🧠 Performance-validity check

Word-Recognition Validity Test

A short two-choice recognition task, ~4 minutes. It checks whether a set of memory results looks credible — not how strong your memory is. Free with a registered account.

Free account ~4 minutes Instant report Forced-choice recognition

How it works

1

Learning

You study a short list of common, concrete words shown one at a time. They are easy to remember, so genuine effort — even alongside real memory difficulty — recognises them well above chance.

2

Recognition

Each learned word is shown next to an unrelated, length-matched distractor. You choose the word you saw. With two options per item, pure guessing averages 50%.

3

Reading

Scoring significantly below chance is strong evidence of non-credible responding. A separate 45/50 cutoff is a published forced-choice convention, provided as provisional context. Indicative, not diagnostic.

Common questions

What does this test actually measure?

Performance validity, not memory ability. It asks a narrower question than a memory test: do these results reflect real effort? Because the target words are easy and each item has only two options, honest responders score very high — so a genuinely low or below-chance score is informative about effort, not memory strength.

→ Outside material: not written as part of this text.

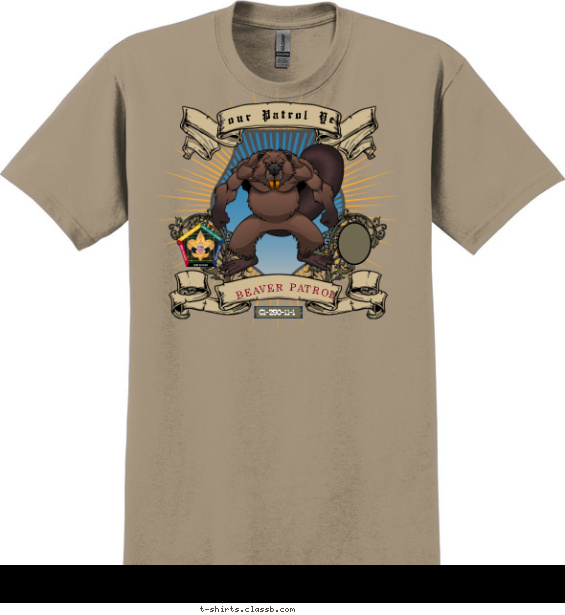 wood-badge-patrol t-shirt design with 3 ink colors - #SP3247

What does "below chance" mean?

On a two-choice test, guessing alone averages 50% correct. Scoring far enough below 50% that it is statistically unlikely by chance (an exact one-tailed binomial test) is difficult to explain by any known memory disorder — it usually means the correct answer was recognised and deliberately avoided. That is the strongest single signal this task provides.

Is the 45/50 cutoff validated?

Not on this item bank. 45/50 (90%) is a published convention borrowed from commercial forced-choice validity tests. We report it as provisional context, clearly labelled, and it should be weighed alongside other indicators — never used in isolation to reach a conclusion.

Is it free?

Yes — no payment is required. Taking the test needs a free registered account. Once you have one you can run the task and read your recognition accuracy, the below-chance test result, and an overall credibility classification. This is a screening-style check, not a clinical evaluation.

Can I retake it?

You can, but recognition is easy to relearn, so the first administration is the most informative. As with any single self-administered task, treat one run as descriptive of that session rather than a fixed conclusion.